Deuteronomium 24; Psalmen 114-115; Jesaja 51; Openbaring 21
In het licht van de tegenovergestelde alternatieven uiteengezet aan het eind van Jesaja 50 – ofwel de vreze des Heren en zijn Knecht gehoorzamen en zijn zegen kennen, of je eigen vuur aansteken en neerliggen in pijn – opent Jesaja 51:1-11 met woorden van bemoediging voor het trouwe overblijfsel.
Het gedeelte eindigt op de climax van een groots gezicht van de terugkeer naar de Heer, van intrede in Sion met gezang (51:11).
De woorden roepen herinneringen op aan de pelgrimsreizen die de godvrezenden ondernamen toen ze in het land waren.

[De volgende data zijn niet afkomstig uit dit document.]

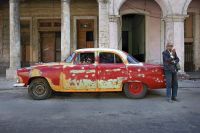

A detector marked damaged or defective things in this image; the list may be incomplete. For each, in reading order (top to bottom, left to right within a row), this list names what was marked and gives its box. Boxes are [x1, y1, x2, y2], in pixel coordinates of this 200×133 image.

rusty car [14, 48, 166, 100]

In de beste gevallen waren dit blijde gebeurtenissen, vol gezangen, vol van persoonlijke en gezinsherinneringen, vol enthousiaste verwachting terwijl het volk van God zijn schreden richtte naar Sion, naar de tempel van de levende God.
Maar de pelgrimstocht die de profeet in gedachten heeft, overschaduwt elke andere pelgrimsreis. De vroegere pelgrimstochten vonden drie keer per jaar plaats voor de voorgeschreven feesten. Hier wordt de taal van de pelgrimstocht aangehouden, maar wordt ons een glimp gegeven van het Einde: ‘De vrijgekochten des HEREN zullen wederkeren en met gejubel in Sion komen; eeuwige vreugde zal op hun hoofd wezen, blijdschap en vreugde zullen zij verwerven, kommer en gezucht zullen wegvluchten’ (51:11). We zijn teruggekeerd tot de ultieme hoop, verwoord in 2:1-5 en 11:1-16).
Maar het volk is daar nog niet. Wanneer ze ontmoedigd zijn door hun kleine aantallen en verslechterde omstandigheden, moeten ze hun herkomst gedenken, de rots waaruit ze gehouwen zijn: Abraham begon als één man, maar God ‘zegende hem en vermenigvuldigde hem’ (51:2).
Dus hier: ‘de HERE troost Sion, Hij troost al haar puinhopen’ (51:3). Gods heil zal zelfs eeuwig duren, en zijn gerechtigheid wordt niet verbroken (51:6).
Ondertussen moet Gods volk naar Hem luisteren. Ze hebben Gods ‘wet’ in hun hart (51:7): correct weergegeven betekent het woord ‘onderricht’, en kan het hier slaan op meer dan alleen de Wet van Mozes, namelijk op alle onderricht van God, dat Hij zowel door zijn profeten als priesters doorgaf.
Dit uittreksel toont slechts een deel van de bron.